Thursday, 24 May 2012

The behavioural effects of wearing a onesie...

And other outcomes of Winter arriving.
I have a onesie. It has a hood and feet, it's bright orange with monkeys on it and I LOVE it. I don't know exactly when I decided I wanted a onesie but at some point i began complaining to my friends that no one made awesome onesies for adults like the ones you used to wear as a kid. You know the ones, you'd put it on and it would be any costume you wanted? You'd be your favourite superhero or animal character, with super powers of course, and inevitably at some point during the evenings events either you or a sibling would make various excuses requiring you to perform perfectly executed run-and-slide manoeuvres over the kitchen floor until finally someone, in my house usually my brother, would take the sliding a little too far and either injure themselves or make a loud enough commotion upon landing that parental people would intervene and send everyone to 'quiet time' activities. I've often noticed that I have an instinctual peter pan complex, not in a responsibility shirking way at all, i'm actually annoyingly responsible - always pay off my credit card, manage to pay bills on time and have thus far have not managed to get any utilities disconnected despite living outside of parental control for a number of years - no, more in a constantly channeling my inner child way, often without conscious realisation.
Where was I... oh yes, so at some point i decided that there needed to be a version of that childhood onesie made for adults, less for the kitchen sliding abilities and more for the comfort, but a onesie none the less. It would appear that I complained frequently and loudly enough at this lacking that my 2 best friends were driven to track down such an item for my birthday a few years ago. They found such an item via the interwebs at a website called Jumpin Jammerz. So upon my 'very adult number of years' birthday I received, much to my extreme delight, my amazing monkey onesie.
Now I have routinely worn this onesie throughout the coldest parts of winter for the last few years and it has served me well. So well in fact that as soon as the autumn chill appeared in the air this year I dug my onesie out of the wardrobe, washed and dried it to remove the musty 'stored for 6 months' smell and promptly began wearing it again. This year however i have noticed some side effects of my winter attire that had not previously been as evident to me. For one, i have been sleeping amazingly well lately. To be fair sleep is not something I do badly, as my friends and flatmates will attest, but the last few weeks have been particularly satisfying.
Warmth and a good nights sleep would probably be placed on the essentials list for any good pair of pyjamas, which is why these aspects have not drawn too much attention from me but i have also been noticing some other side effects that are a little more reminiscent of those kitchen sliding days. Now as a musician I pretty much always have a song stuck in my head so randomly dancing to music only i can hear is a fairly common occurrence. My flatmate is used to this, but the other night after witnessing a particular occurrence while I was wearing my onesie she was prompted to ask exactly what i was doing? to which i responded "i'm wild rumpusing"
Yep, exactly.
You see, in my head wearing my onesie had not only evoked feelings of warmth and rest but apparently had dredged up childhood memories of reading "Where the Wild Things Are". For this reason my dancing somewhat resembled the dancing of Max and the Wild Things.
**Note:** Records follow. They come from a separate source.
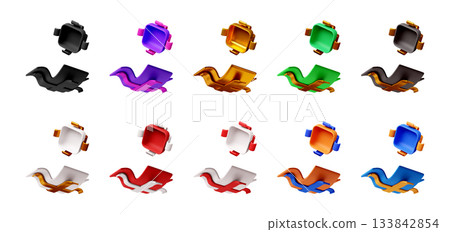 3D Gift box and open gift box icon set 133842854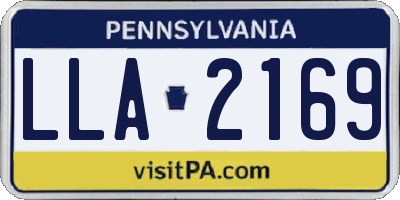 PA license plate LLA2169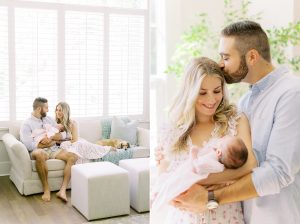 dad kisses wife's forehead while holding baby daughter
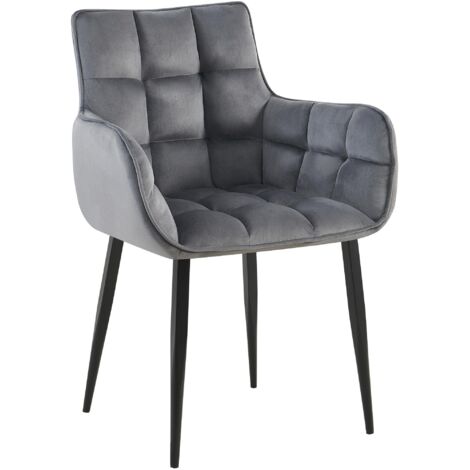 Silla de diseño tapizada en terciopelo gris oscuro diseño envolvente patas de metal negro 100007488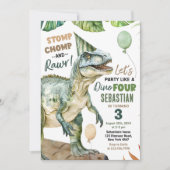 Oerwoud Dinosaur T Rex 3e verjaardagsfeestje Kaart (Voorkant)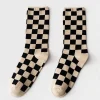 Discount Dear-Lover Checkerboard Printed Crew Socks Chestnut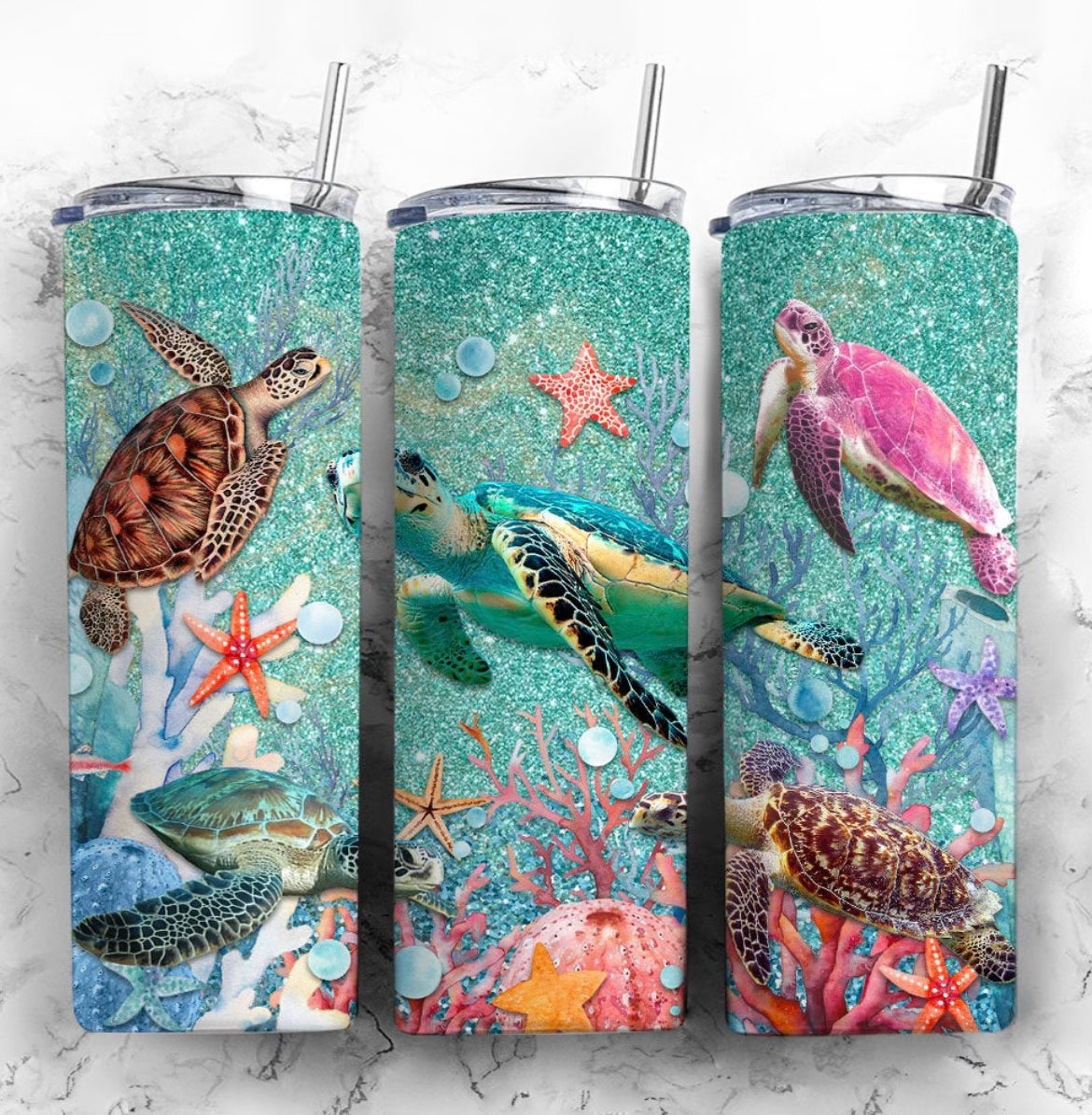 Colorful Sea Turtles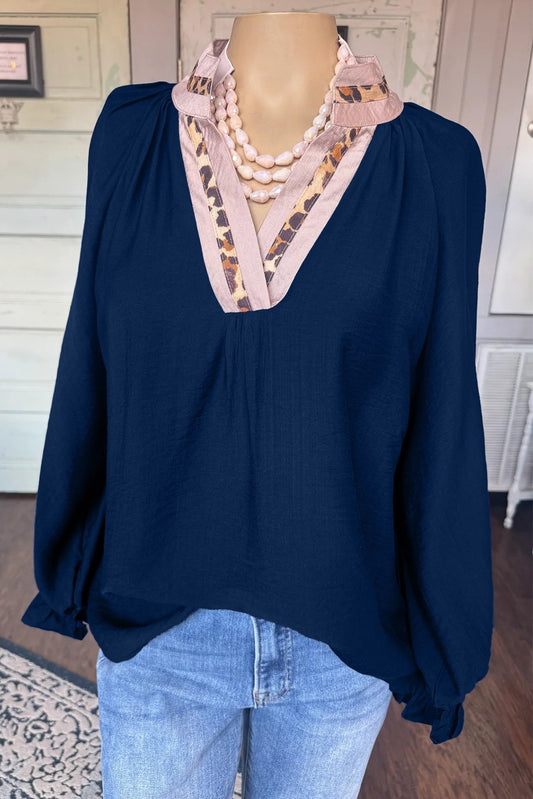 Navy Blue Contrast Leopard Patchwork Collar Plus Size Long Flounce Sleeve Blouse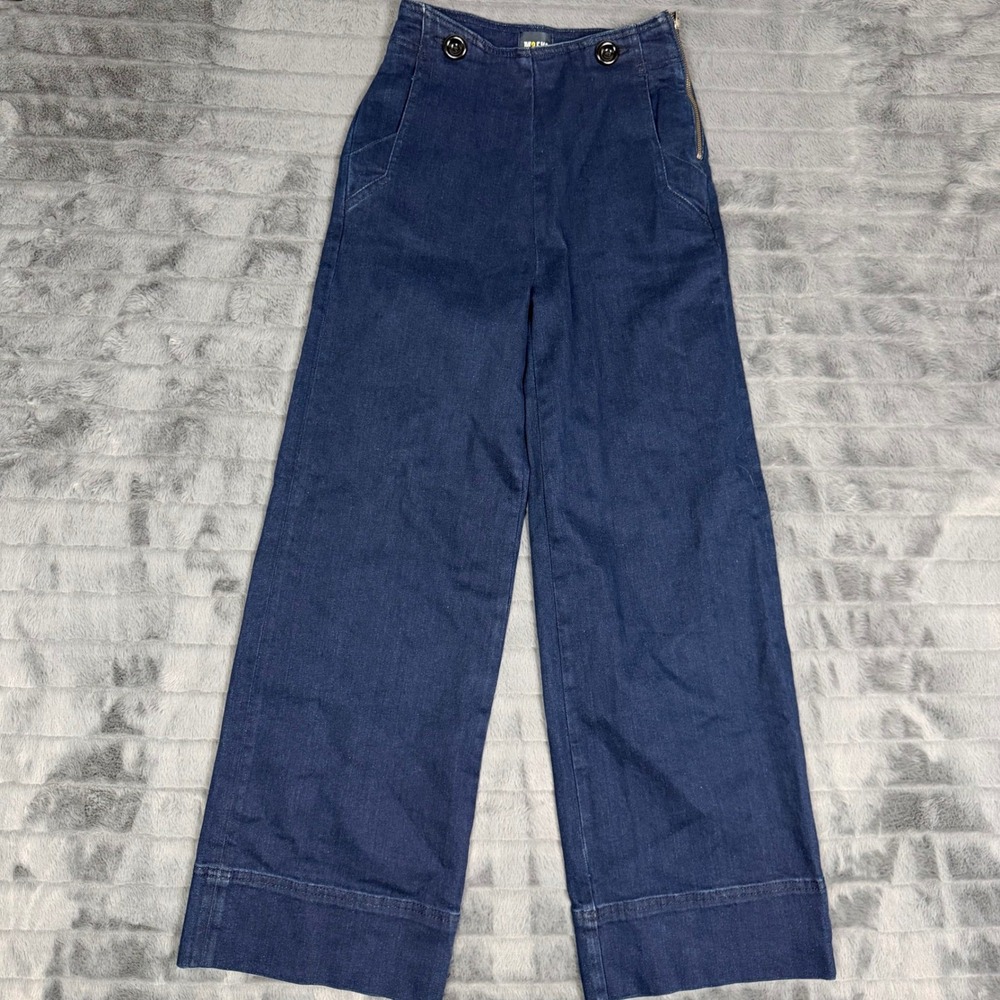 Maeve Anthropologie Wide Leg Sailor Jeans Dark Wash Side Zip Tall Size 23T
Funnily enough my friends had actually been tossing up between my monkey onesie and a max onesie at the time of purchase. Clearly the monkey won out but it seems to have had the same effect none the less.
The next effect of wearing my onesie occurred a few nights later when while walking through the lounge room to the kitchen (which i actually can't slide in as we have imitation 'wood' lino which is far from smooth enough to slide on). As I made my way across the open area of the lounge I suddenly had the inspired idea to start practicing my karate moves. Now i have never done karate, and my 'karate' moves probably more closely resembled trying to swat an insect with my feet but I then proceeded to very steathily ninja my way back across the lounge room to my bedroom where I then started writing a super hero inspired song, because as i performed my pseudo-karate moves the thought passed through my head "all i need now is a cape" and I went from there. ?!?!? . Yep, that was the sensible part of my brain's reaction too.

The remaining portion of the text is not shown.